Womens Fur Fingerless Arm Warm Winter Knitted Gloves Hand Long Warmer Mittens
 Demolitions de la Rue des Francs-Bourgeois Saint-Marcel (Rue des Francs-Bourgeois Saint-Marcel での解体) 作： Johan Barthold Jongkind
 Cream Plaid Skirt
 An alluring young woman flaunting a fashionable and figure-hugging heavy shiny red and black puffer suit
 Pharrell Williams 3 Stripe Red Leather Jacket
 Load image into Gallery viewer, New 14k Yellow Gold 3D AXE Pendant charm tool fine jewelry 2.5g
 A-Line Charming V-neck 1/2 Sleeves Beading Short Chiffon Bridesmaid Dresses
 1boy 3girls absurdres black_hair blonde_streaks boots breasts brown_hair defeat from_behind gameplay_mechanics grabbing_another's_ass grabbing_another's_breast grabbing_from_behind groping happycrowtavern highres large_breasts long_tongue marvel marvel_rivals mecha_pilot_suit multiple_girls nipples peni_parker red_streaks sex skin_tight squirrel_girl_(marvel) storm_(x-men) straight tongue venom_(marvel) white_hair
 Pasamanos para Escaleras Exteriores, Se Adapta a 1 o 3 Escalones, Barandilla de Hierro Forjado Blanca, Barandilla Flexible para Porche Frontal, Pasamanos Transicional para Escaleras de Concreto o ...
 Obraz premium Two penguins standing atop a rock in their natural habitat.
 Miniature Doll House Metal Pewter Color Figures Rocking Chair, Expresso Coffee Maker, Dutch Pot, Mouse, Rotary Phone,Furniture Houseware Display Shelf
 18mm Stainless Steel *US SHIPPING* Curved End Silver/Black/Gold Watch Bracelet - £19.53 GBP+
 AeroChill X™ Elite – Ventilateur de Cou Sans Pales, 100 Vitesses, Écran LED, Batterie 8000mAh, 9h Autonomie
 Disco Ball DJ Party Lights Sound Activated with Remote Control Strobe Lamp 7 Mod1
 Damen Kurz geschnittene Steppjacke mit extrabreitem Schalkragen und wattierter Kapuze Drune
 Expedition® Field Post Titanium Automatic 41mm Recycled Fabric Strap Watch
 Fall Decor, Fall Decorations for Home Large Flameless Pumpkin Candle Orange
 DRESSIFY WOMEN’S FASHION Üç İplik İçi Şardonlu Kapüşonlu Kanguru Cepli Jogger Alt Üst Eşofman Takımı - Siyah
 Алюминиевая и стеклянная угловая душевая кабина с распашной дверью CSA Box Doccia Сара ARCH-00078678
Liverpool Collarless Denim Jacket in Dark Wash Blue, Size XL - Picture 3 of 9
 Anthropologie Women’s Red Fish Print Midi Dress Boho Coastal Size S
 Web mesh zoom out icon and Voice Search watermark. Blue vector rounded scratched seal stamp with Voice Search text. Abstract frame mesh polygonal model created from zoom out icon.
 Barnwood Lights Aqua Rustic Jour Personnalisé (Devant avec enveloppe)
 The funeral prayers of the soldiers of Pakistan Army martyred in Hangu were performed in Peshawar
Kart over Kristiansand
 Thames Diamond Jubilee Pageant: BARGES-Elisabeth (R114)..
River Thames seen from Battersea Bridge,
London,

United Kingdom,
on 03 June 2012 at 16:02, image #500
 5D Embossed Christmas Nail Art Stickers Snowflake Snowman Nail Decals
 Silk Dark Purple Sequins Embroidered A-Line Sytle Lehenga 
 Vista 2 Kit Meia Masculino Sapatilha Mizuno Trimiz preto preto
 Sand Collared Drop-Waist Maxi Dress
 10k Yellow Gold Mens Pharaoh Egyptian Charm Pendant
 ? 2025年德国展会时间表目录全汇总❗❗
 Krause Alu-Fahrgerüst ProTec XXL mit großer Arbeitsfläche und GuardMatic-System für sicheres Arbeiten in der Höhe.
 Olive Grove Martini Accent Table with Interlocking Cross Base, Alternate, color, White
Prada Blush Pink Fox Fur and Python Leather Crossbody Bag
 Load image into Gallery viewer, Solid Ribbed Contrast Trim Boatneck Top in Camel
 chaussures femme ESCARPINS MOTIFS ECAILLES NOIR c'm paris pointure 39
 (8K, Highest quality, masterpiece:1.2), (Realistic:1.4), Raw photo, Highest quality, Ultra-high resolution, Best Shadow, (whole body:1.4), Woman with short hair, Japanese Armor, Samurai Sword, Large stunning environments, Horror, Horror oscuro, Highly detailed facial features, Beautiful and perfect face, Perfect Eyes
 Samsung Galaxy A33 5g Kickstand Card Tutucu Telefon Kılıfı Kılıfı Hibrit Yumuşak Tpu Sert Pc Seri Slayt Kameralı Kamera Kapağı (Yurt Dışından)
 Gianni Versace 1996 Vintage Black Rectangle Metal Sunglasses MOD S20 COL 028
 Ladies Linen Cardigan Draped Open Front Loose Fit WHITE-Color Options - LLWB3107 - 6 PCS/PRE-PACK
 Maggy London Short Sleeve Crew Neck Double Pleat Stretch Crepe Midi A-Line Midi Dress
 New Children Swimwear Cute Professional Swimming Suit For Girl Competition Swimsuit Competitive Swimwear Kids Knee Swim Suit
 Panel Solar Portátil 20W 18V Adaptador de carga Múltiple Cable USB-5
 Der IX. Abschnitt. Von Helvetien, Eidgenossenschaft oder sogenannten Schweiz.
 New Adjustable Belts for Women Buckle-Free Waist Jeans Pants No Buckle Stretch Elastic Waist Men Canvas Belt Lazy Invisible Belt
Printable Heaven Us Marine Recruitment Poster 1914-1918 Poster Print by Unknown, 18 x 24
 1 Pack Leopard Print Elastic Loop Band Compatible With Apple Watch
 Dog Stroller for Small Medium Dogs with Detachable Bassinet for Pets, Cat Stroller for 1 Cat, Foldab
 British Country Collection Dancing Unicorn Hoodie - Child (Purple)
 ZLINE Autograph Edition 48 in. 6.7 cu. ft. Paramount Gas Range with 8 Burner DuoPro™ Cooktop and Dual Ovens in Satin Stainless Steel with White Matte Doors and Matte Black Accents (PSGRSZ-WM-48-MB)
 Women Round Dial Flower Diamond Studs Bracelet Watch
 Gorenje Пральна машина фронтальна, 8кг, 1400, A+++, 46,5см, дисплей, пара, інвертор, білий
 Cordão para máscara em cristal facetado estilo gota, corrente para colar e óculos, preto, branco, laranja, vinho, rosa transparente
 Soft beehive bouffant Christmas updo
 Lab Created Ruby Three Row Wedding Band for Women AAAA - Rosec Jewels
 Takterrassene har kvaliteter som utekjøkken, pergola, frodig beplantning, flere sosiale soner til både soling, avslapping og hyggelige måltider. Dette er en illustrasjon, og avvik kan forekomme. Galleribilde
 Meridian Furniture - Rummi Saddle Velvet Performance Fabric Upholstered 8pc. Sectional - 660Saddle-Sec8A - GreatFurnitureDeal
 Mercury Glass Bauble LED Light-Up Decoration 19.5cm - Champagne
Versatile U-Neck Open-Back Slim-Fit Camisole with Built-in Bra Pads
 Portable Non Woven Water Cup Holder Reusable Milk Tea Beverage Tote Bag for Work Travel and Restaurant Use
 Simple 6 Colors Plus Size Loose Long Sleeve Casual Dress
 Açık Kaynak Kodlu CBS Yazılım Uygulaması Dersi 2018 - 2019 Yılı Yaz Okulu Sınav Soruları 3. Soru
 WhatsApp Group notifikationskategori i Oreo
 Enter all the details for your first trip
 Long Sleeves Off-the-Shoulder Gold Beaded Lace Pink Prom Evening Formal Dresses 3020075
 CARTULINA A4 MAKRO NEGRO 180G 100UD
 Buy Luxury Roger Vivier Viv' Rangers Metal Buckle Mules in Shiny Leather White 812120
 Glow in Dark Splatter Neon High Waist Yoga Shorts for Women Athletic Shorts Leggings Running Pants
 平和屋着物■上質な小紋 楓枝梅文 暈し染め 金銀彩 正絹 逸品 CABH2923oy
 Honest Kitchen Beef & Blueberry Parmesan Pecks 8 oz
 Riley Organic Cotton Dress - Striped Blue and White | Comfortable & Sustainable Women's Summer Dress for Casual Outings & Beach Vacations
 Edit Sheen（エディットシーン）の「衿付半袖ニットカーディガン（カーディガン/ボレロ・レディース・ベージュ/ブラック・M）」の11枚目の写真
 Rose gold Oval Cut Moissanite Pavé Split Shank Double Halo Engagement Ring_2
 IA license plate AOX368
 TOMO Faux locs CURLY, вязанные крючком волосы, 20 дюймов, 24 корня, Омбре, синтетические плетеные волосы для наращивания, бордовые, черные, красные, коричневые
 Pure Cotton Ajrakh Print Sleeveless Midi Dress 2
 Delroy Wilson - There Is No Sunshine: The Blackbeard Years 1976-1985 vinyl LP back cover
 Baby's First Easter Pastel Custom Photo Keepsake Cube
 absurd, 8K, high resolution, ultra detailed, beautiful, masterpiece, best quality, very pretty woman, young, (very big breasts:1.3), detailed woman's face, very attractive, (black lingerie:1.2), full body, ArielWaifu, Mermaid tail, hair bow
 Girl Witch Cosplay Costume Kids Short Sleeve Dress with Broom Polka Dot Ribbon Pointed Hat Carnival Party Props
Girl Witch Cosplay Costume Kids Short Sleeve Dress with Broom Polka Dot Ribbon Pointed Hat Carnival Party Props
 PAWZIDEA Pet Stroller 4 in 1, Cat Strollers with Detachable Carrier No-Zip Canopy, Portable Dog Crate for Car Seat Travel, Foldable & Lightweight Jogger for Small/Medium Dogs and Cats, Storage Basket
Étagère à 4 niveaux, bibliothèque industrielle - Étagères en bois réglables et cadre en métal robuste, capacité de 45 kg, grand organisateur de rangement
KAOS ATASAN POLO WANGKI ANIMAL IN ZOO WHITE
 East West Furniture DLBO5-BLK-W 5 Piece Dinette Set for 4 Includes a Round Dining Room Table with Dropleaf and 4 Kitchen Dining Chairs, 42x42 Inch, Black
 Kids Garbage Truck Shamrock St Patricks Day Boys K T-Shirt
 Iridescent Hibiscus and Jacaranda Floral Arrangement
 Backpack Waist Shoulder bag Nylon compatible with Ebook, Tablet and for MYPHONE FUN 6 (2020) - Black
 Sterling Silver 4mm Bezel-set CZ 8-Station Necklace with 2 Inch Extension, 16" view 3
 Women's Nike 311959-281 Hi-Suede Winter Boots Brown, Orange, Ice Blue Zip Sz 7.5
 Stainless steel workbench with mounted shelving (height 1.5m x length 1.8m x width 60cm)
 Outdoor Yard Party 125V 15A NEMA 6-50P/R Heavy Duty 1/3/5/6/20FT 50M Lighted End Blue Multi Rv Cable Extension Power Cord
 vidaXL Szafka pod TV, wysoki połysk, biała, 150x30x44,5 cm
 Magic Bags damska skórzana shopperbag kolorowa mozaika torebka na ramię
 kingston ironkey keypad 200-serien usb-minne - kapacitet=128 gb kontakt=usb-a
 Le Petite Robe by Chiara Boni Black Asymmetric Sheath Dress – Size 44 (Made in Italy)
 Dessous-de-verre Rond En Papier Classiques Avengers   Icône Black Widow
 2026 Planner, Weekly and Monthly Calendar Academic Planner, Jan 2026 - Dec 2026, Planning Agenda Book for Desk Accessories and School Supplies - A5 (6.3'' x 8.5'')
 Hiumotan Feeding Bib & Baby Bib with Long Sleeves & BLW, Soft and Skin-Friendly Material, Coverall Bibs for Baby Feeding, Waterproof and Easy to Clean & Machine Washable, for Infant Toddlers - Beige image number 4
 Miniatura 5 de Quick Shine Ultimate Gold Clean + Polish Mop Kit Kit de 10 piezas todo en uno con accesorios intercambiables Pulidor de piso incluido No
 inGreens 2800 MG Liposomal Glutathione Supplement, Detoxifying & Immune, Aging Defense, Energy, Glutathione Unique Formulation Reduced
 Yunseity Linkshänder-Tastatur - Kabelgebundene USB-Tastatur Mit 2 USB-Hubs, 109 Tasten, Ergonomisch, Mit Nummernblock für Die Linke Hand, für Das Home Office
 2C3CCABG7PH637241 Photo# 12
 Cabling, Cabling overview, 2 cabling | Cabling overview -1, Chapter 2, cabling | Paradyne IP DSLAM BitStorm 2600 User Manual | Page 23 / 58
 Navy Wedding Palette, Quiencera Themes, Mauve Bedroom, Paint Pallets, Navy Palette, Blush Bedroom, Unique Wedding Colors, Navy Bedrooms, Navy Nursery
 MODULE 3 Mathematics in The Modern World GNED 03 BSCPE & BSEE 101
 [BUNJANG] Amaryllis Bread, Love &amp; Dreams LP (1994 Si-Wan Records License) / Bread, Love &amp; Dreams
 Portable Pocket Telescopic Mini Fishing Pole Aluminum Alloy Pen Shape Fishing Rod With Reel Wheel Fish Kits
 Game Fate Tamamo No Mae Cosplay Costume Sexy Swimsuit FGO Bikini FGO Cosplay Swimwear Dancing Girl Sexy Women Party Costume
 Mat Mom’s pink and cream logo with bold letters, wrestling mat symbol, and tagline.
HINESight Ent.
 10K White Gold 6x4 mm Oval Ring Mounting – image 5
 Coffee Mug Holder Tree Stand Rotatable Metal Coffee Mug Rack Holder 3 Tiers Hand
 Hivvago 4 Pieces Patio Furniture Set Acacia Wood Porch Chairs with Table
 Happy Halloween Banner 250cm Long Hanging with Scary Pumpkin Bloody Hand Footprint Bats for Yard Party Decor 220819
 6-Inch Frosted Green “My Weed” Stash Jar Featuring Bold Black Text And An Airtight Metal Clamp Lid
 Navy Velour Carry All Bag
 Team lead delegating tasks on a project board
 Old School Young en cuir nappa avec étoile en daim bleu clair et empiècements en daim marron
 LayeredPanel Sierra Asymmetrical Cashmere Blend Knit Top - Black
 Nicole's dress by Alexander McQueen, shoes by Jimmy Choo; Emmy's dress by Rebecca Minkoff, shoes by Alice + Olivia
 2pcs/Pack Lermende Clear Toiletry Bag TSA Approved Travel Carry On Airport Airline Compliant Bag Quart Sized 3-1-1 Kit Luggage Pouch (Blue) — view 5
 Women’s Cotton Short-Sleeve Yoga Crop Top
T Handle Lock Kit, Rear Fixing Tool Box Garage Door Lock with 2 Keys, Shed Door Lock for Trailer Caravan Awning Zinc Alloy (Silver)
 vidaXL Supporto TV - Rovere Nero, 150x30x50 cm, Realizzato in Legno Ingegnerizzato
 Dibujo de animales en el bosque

**********

What you need to do: State how many lines in the entries hold "masterpiece", please, with no other words.

Written response: 2